Does Denis Johnson do interviews?

I've liked several Denis Johnson books I've read (Tree of Smoke an exception - he works far better in shorter, more condensed forms) and was glad to see new "story" from him in current New Yorker, The Largesse of the Sea Maiden, if I can read the awful typography correctly, not a great title in any event - titls are not DJ's strength as a writer. I put story in quotes because this piece, as is so often the case in TNYer, appears to be a selection from a longer work: let's call it a piece of fiction, then, a profile of slice of life of a 60ish ad exec living in San Diego, twice divorced and now on 3rd marriage, returns to NYC to pick up some kind of advertising award, and finds himself much older than other ad execs and bit of an odd man out - in other words, this looks very much like a Don Draper 30 years down the road.
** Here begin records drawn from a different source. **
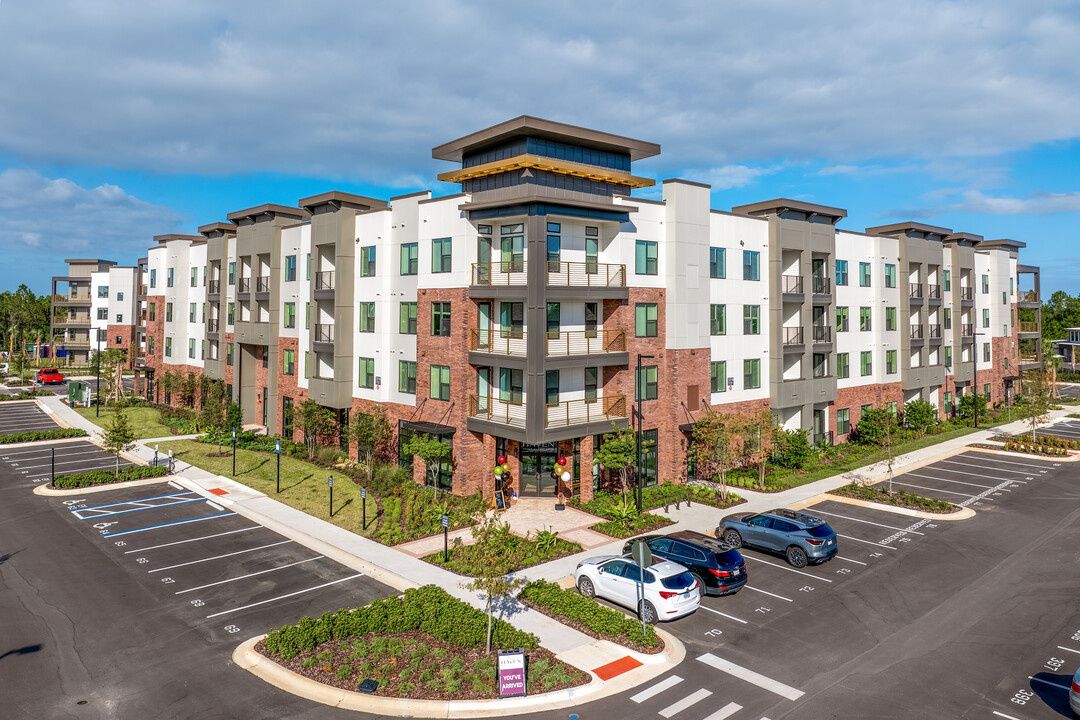 The Haven at Lake Britt in Winter Garden, FL - Building Photo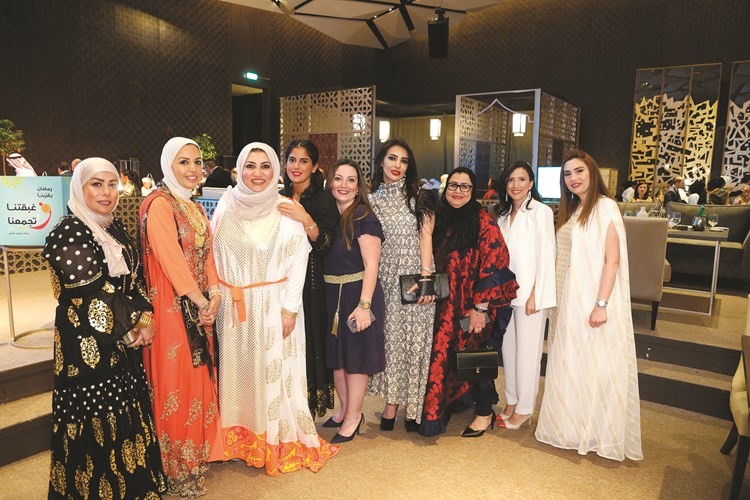لقطة جماعية لموظفات الشركة﻿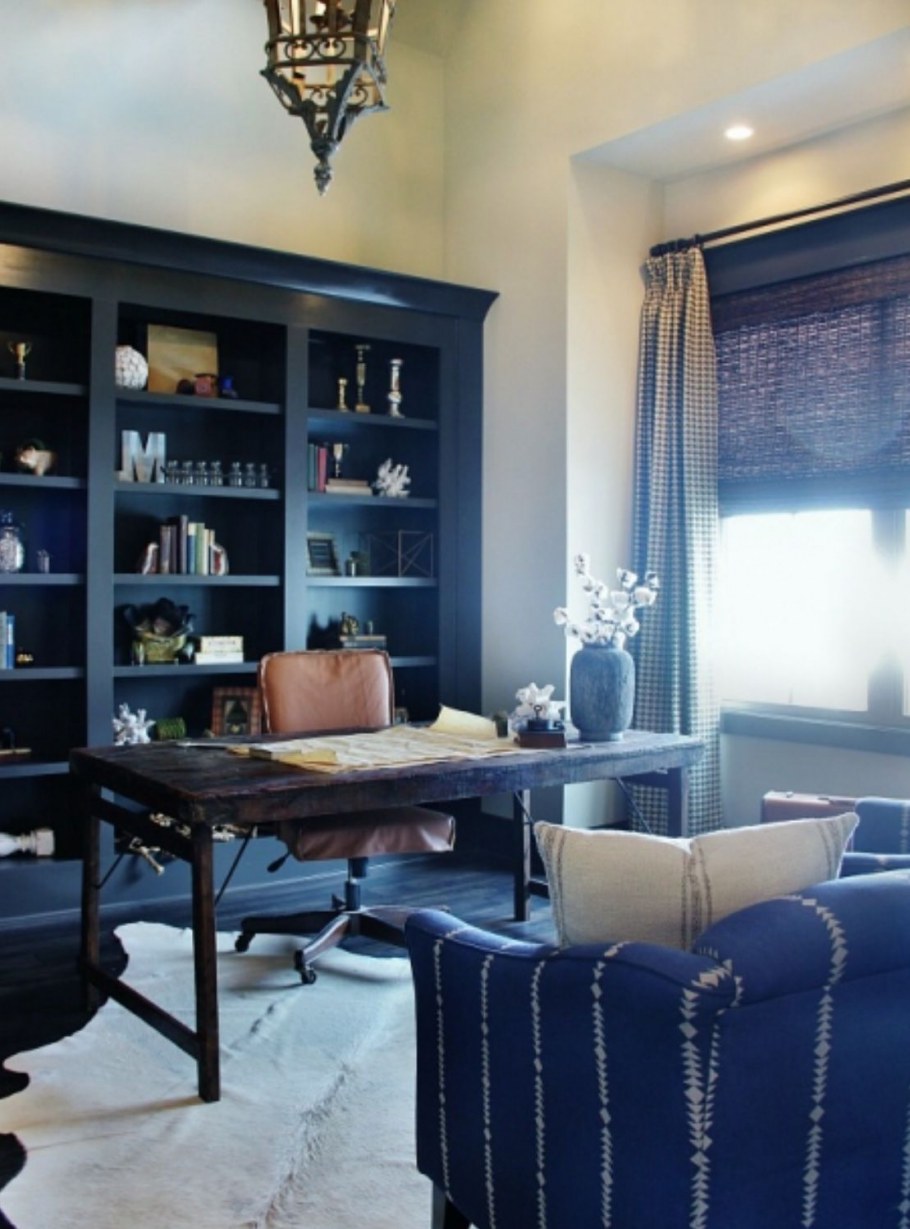 Кабинет в синих тонах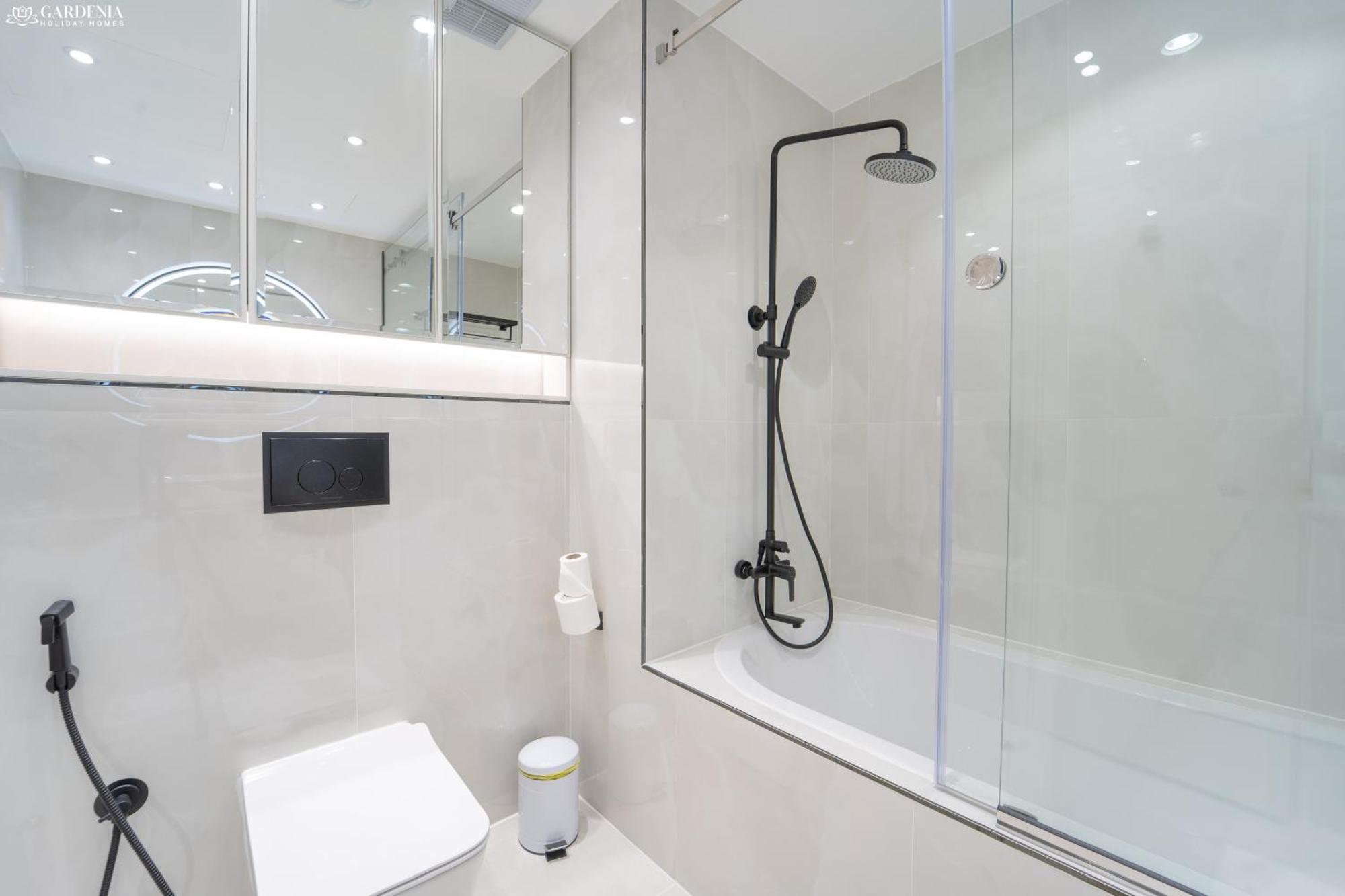 Jbr Amwaj 4 , Upgraded Sea And Ain Dubai Views, 2M Walk To Beach By Gardenia Suitse Exterior photo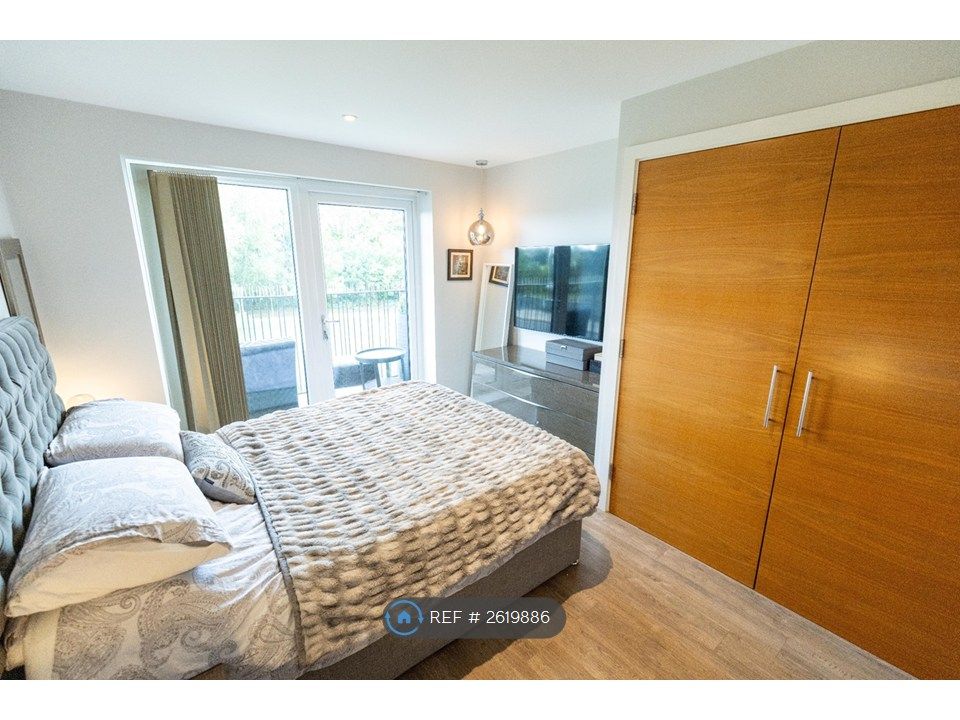 Property photo 3 of 19 Ensuite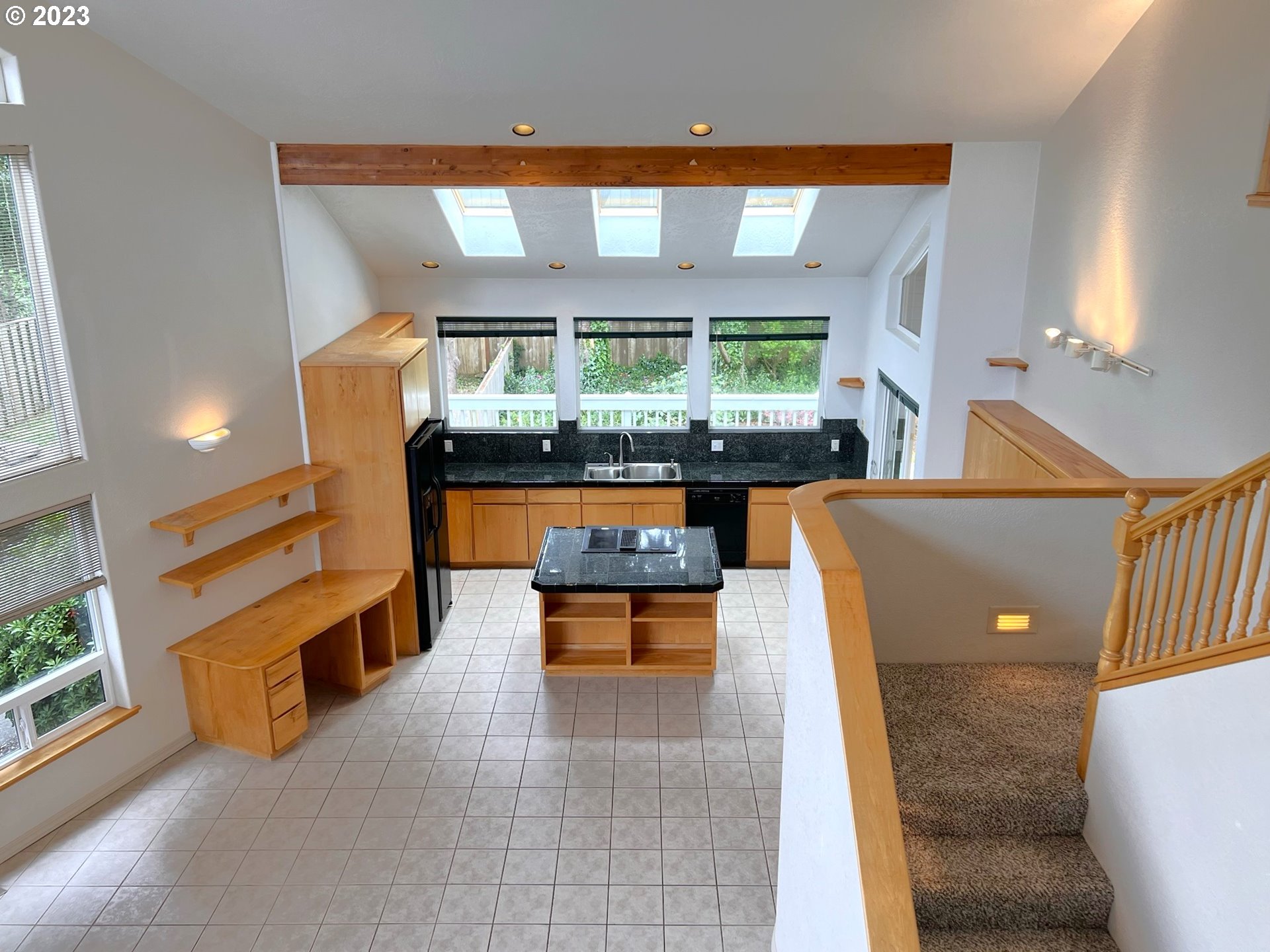 332 MILL BEACH RD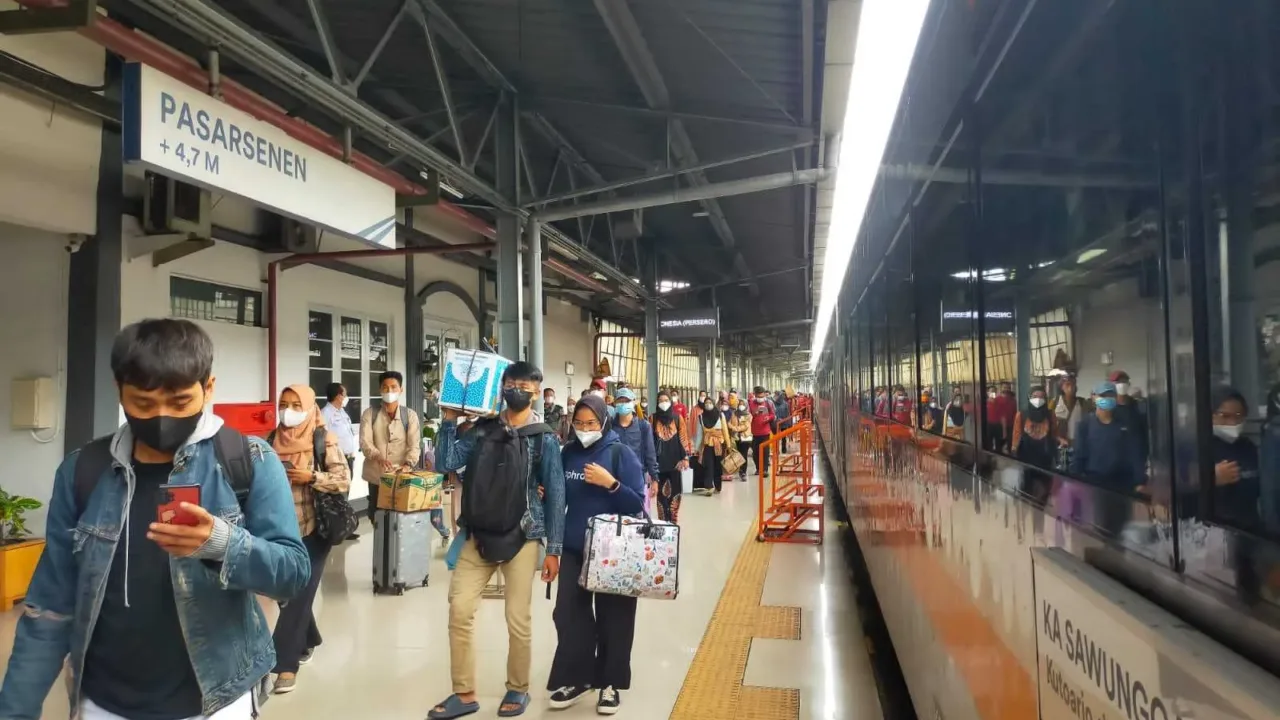 Tiket KA Jarak Jauh Perjalanan H-10 Lebaran Keberangkatan Gambir dan Pasar Senen Sudah Dapat Dipesan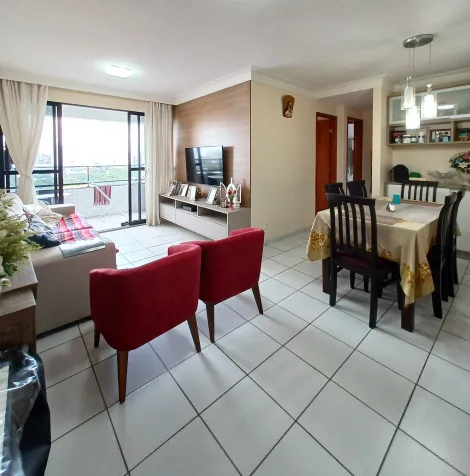 Apartamento com excelente localização, próximo a igreja da Torre!

O imóvel possui varanda, sala para dois ambientes, três quartos sendo 01 suíte, wc social, cozinha, área de serviço, quarto e banheiro de serviço e 2 vagas de garagem cobertas.

O Condomínio dispõe de área de lazer com piscina e salão de festas, além de gás encanado, gerador, medidor de água individual e portão eletrônico.

Agende sua visita!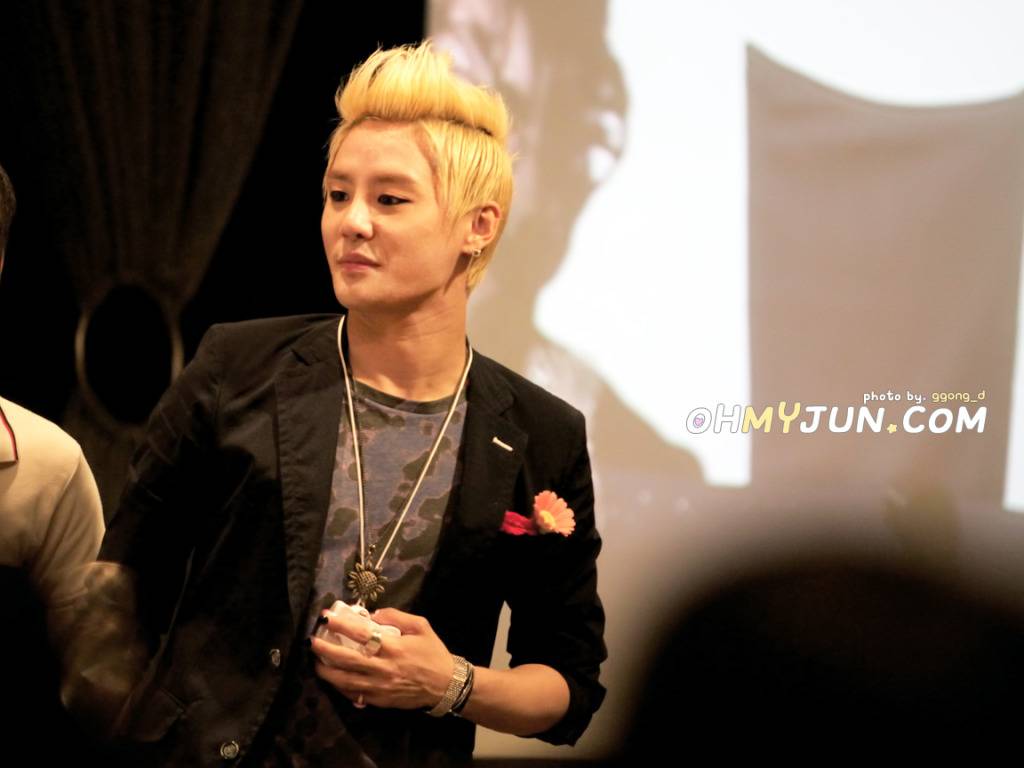 [01.06.2012][Pics] XIA Junsu - TARANTALLEGRA Fansign Event 0d43cba4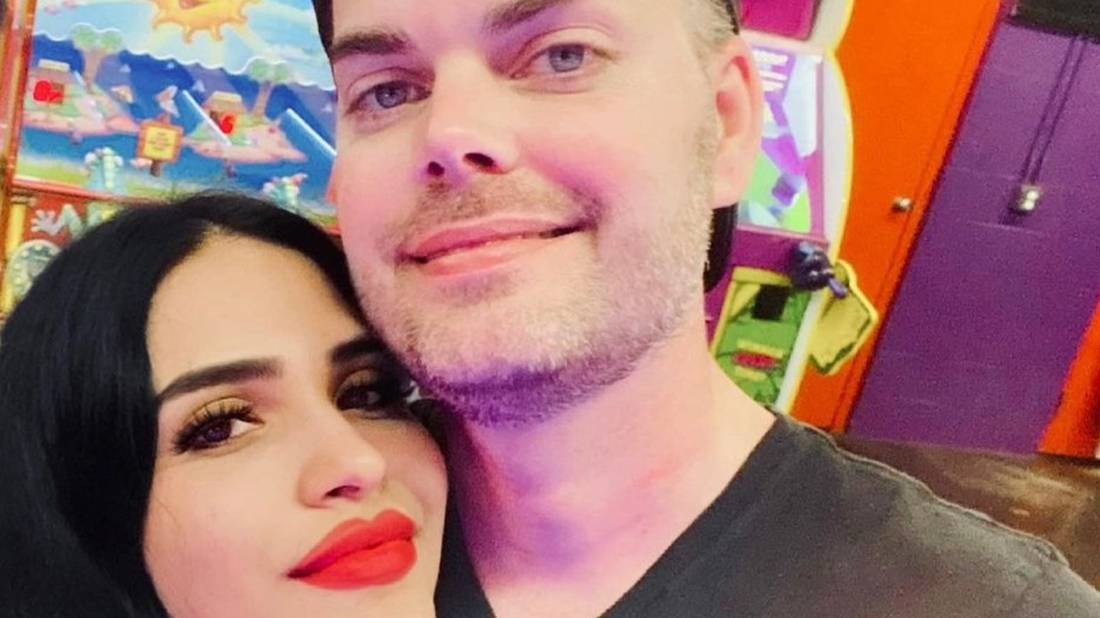 90 Day Fiance's Tim Malcolm & Linda Ramirez hugging and smiling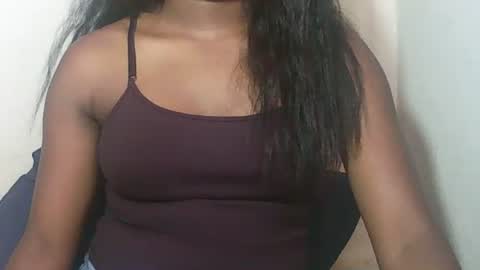 Snapshot of lovelylarra chatting on 02-17-26, 12:45 lovelylarra online show from 02-17-26, 12:45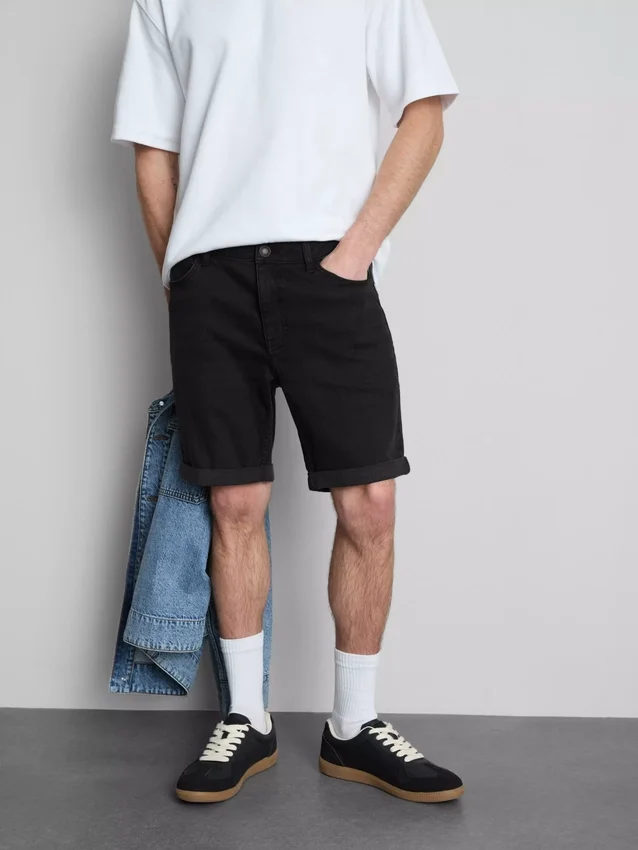 Slim-fit denimshorts med mellemhøj talje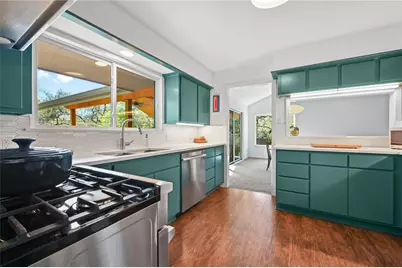 3907 Cresthill Drive, Austin, TX 78731 - Photo 6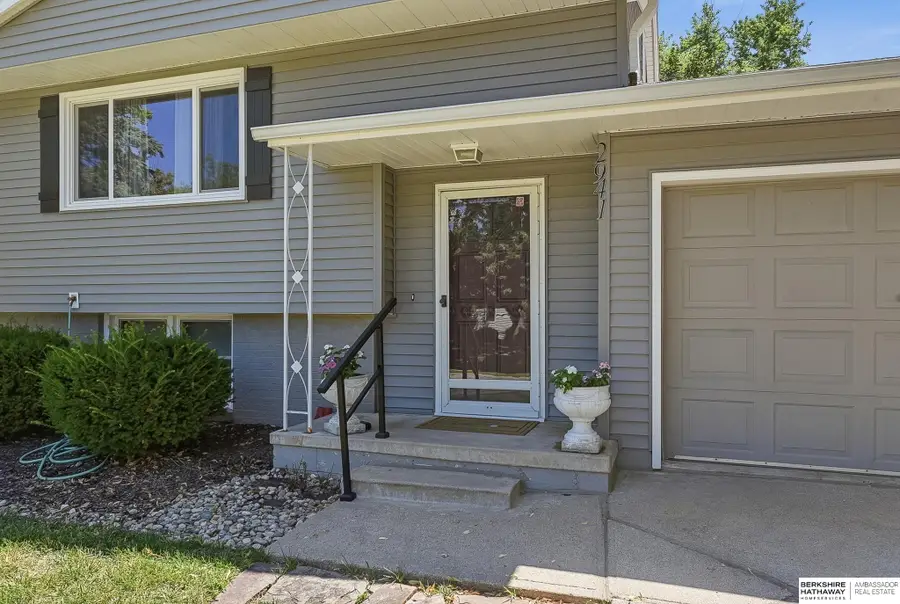 2941 S 115 Avenue, Omaha, NE 68144 - #2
The strength of the piece is Johnson's ability to create a vignette: it's a composition of short pieces, each a titled vignette, that when pieced together make, I believe, a full picture of the ad-man - it's a technique we saw in Mr and Mrs Bridge (those short vignettes were enumerated, not titled) - and it makes this piece of fiction a little frustrating because we get these very sharp snapshots but not the full portrait (that's what makes me think these must be part of a longer piece): character retreating to the men's room during the awards ceremony (a scene we've all seen in movies, btw - e.g., the recent ...in a World); a night of heavy drinking that leads to destruction of a valuable piece of art when idiotic owner tosses it drunkenly into the fireplace (reminds me of a scene in The Idiot) - art is a big theme in this piece of fiction, the ad man is something of a connoisseur as I believe Johnson may be. As a side note, Johnson is often characterized as someone who shuns the press and interviews, but that's not entirely the case - it's a defense he may have built over the years, but when he was just starting out I read his 2nd novel, Fiskadoro, and liked it - I was a books editor at the time - and easily call Johnson, who was then living on the Cape and working in his wife's art gallery (a source for this current fiction?) and we spoke for quite a while - and I hope I wasn't the one to turn him off interviews (I doubt it). He's gone on to do a lot of fine writing since that day, so - good for him. No need to do interviews - let the work speak for itself, or more accurately for the author.